Another painful story from He Who Shall No Longer Be Named. Really, I feel like a broken record that is beating a dead horse.
If you recall a post I wrote last Tuesday about a puff piece from the Los Angeles Times — a story that appeared to be just a rewritten press release — I made the point that reporters need to filter what their subjects say, not just parrot them.
Yeah, really went out on a limb there.
But I may have been asking too much still. In yesterday’s LAT the same reporter made an error so fundamental, and by extension so egregious, that I felt it necessary to again comment on one of his stories.
I write this for two reasons: so readers know of the error in the article titled “‘Islam in a nutshell’ explained at Episcopal church” and to remind other reporters not to make the same mistake.
The “Islam 101″ talk at All Saints Episcopal Church was led by Dr.
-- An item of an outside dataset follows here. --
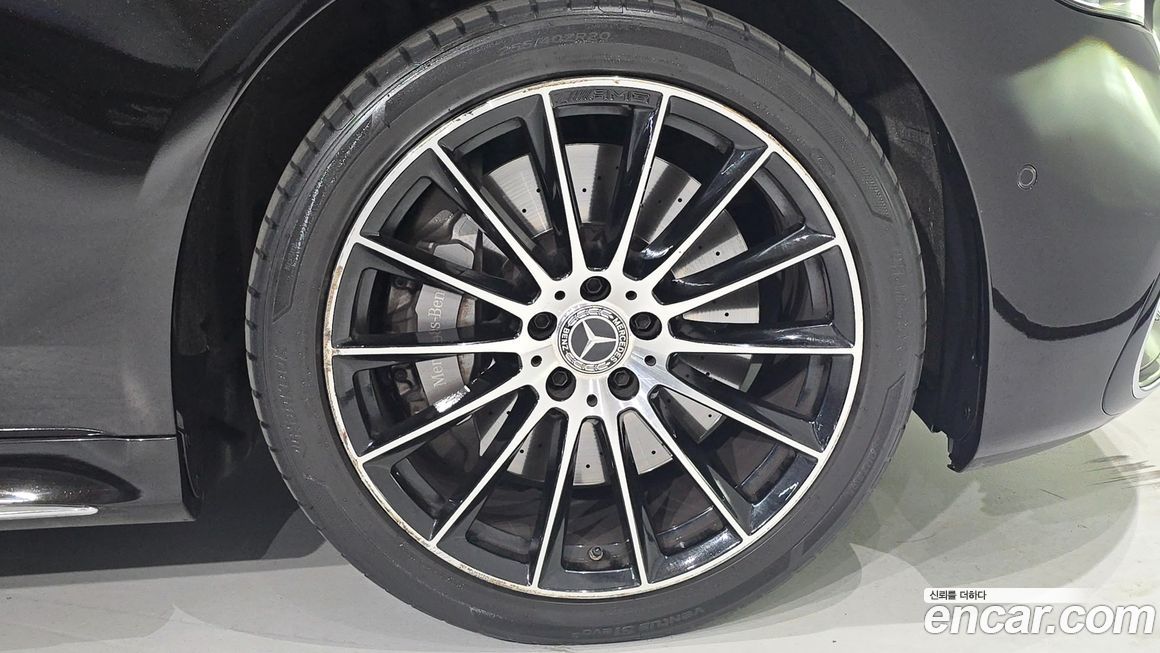 Mercedes-Benz S-Class 2022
Maher Hathout, senior advisor to the Muslim Public Affairs Council. Oddly, this story provides very little background on Hathout — there is plenty, and it’s not all rosy — and doesn’t really support why he is “a leading voice of Muslims in Southern California.”
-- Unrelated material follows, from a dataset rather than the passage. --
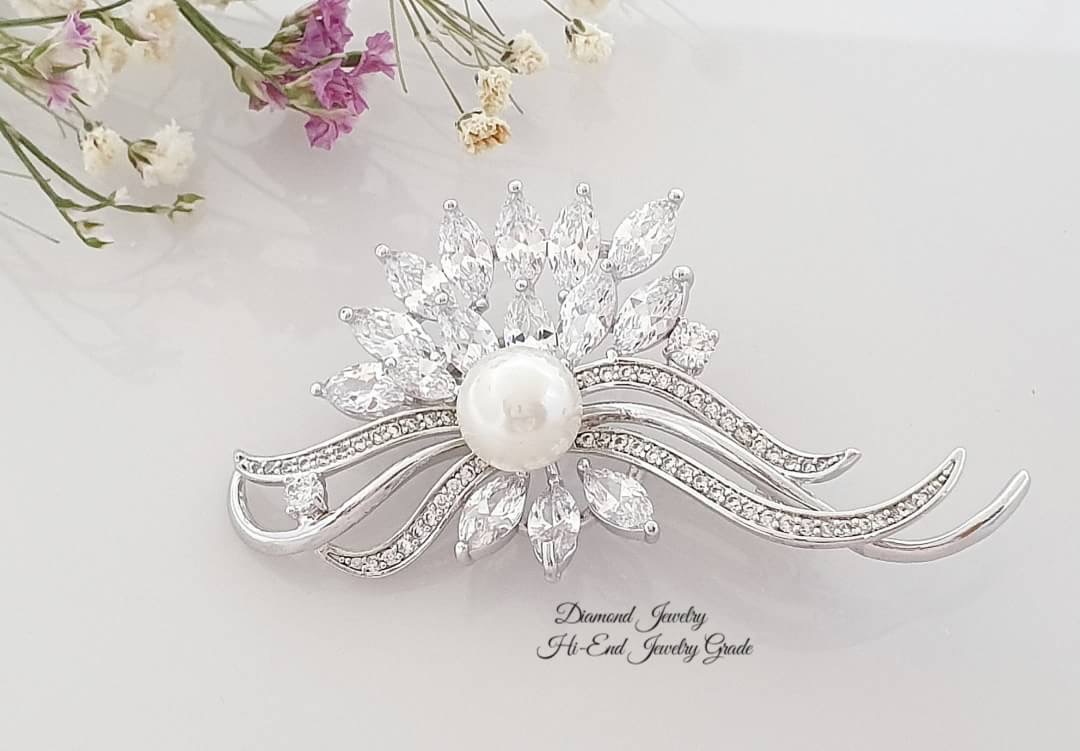 New Arrival !!! Diamond Brooch เข็มกลัดงานเพชร CZ แท้ ประดับมุก งานสวยดูดี เพชรขาวใส ไม่ขุ่นแม้แต่เม็ดเดียว ซื้อไปไม่ผิดหวังแน่นอนค่ะ กลัดเพิ่มมูลค่าชุดเก่งได้เยอะเลยจ้า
Hathout is. But I was always taught to show, not just tell.
What stopped me in my tracks, though, was this line:
Hathout expressed horror at the discovery of explosives bound from Yemen to the United States, part of a suspected Al Qaeda terrorist plot. He said terrorism violates Islamic theology and could ultimately destroy Islam. By using it “to defend Islam, you sacrifice Islam,” he said.
At the same time, Hathout complained about the use of the term “Muslim terrorist.” No one ever says a “Christian terrorist” bombed an abortion clinic, he said, adding, “They will not give the religious adjective to that person.”
What’s wrong with that quote? It’s patently false.
Ever heard of Eric Rudolph or Timothy McVeigh? Neither Rudolph nor McVeigh were even close to being practicing Christians — I’d say both were pretty agnostic — but both were routinely referred to as Christian terrorists.
And then there were the Hutaree this past spring, though they weren’t anti-abortion extremists.
Why is it the reporter’s responsibility to fact-check someone else’s comment? Well, because that is one of the most basic functions that reporters serve. Just because the statement is in quotes doesn’t absolve the reporter of their duty to verify that what they are relaying is actually true.
This is one of the first things I teach the new Daily Bruin and student magazine interns at UCLA. I would certainly expect a reporter who shared a Pulitzer Prize to know it.